## Exercise inputs
************
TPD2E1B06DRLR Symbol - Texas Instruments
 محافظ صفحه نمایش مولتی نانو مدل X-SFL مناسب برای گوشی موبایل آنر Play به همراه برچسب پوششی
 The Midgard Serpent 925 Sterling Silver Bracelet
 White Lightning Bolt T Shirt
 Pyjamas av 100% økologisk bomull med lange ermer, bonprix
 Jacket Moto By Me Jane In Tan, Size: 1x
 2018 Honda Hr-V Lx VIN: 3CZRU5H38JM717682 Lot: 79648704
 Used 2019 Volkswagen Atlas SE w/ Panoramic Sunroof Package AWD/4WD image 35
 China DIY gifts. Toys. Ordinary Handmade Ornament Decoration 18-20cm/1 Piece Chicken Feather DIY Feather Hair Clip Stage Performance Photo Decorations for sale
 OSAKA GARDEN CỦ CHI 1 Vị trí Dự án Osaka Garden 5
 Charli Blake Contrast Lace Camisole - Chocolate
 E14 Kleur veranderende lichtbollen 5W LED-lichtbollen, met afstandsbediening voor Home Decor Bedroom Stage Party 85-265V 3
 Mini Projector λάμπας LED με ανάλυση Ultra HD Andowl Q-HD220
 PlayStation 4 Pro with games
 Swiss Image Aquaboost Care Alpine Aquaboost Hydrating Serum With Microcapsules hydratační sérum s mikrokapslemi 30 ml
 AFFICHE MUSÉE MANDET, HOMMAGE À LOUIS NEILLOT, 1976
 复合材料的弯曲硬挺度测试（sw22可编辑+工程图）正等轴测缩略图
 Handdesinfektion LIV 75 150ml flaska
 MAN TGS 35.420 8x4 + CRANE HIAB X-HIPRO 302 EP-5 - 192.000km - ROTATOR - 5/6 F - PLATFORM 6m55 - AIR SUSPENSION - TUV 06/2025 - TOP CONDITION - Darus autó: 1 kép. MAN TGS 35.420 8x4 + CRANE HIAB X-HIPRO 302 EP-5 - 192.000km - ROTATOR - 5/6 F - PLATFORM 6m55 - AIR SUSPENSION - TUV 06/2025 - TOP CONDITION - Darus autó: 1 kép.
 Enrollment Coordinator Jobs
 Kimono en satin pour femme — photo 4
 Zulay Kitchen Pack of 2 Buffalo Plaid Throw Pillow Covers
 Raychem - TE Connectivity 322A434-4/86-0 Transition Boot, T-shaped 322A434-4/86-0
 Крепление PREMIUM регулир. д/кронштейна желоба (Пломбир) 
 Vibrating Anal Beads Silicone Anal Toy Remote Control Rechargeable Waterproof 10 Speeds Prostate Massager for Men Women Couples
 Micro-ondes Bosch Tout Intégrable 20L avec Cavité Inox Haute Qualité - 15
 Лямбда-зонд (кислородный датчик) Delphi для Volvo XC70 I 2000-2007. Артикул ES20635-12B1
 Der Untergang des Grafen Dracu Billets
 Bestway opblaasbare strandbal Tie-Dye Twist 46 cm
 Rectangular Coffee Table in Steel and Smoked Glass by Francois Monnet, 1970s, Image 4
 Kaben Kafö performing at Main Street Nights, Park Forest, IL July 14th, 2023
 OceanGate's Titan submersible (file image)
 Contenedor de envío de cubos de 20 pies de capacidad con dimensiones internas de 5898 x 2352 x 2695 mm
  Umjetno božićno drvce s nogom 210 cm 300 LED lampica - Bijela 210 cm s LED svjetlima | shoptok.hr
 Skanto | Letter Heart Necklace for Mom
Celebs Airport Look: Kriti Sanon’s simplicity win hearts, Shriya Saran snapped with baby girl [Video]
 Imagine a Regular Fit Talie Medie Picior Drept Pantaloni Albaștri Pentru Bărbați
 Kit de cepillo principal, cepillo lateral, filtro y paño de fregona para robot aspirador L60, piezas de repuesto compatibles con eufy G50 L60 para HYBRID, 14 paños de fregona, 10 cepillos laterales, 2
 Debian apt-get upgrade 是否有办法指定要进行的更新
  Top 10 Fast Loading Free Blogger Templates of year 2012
************
## Assignment
Through the line that holds "复合材料的弯曲硬挺度测试（sw22可编辑+工程图）正等轴测缩略图", repeat the material above exactly, starting at its first line.

## Response
TPD2E1B06DRLR Symbol - Texas Instruments
 محافظ صفحه نمایش مولتی نانو مدل X-SFL مناسب برای گوشی موبایل آنر Play به همراه برچسب پوششی
 The Midgard Serpent 925 Sterling Silver Bracelet
 White Lightning Bolt T Shirt
 Pyjamas av 100% økologisk bomull med lange ermer, bonprix
 Jacket Moto By Me Jane In Tan, Size: 1x
 2018 Honda Hr-V Lx VIN: 3CZRU5H38JM717682 Lot: 79648704
 Used 2019 Volkswagen Atlas SE w/ Panoramic Sunroof Package AWD/4WD image 35
 China DIY gifts. Toys. Ordinary Handmade Ornament Decoration 18-20cm/1 Piece Chicken Feather DIY Feather Hair Clip Stage Performance Photo Decorations for sale
 OSAKA GARDEN CỦ CHI 1 Vị trí Dự án Osaka Garden 5
 Charli Blake Contrast Lace Camisole - Chocolate
 E14 Kleur veranderende lichtbollen 5W LED-lichtbollen, met afstandsbediening voor Home Decor Bedroom Stage Party 85-265V 3
 Mini Projector λάμπας LED με ανάλυση Ultra HD Andowl Q-HD220
 PlayStation 4 Pro with games
 Swiss Image Aquaboost Care Alpine Aquaboost Hydrating Serum With Microcapsules hydratační sérum s mikrokapslemi 30 ml
 AFFICHE MUSÉE MANDET, HOMMAGE À LOUIS NEILLOT, 1976
 复合材料的弯曲硬挺度测试（sw22可编辑+工程图）正等轴测缩略图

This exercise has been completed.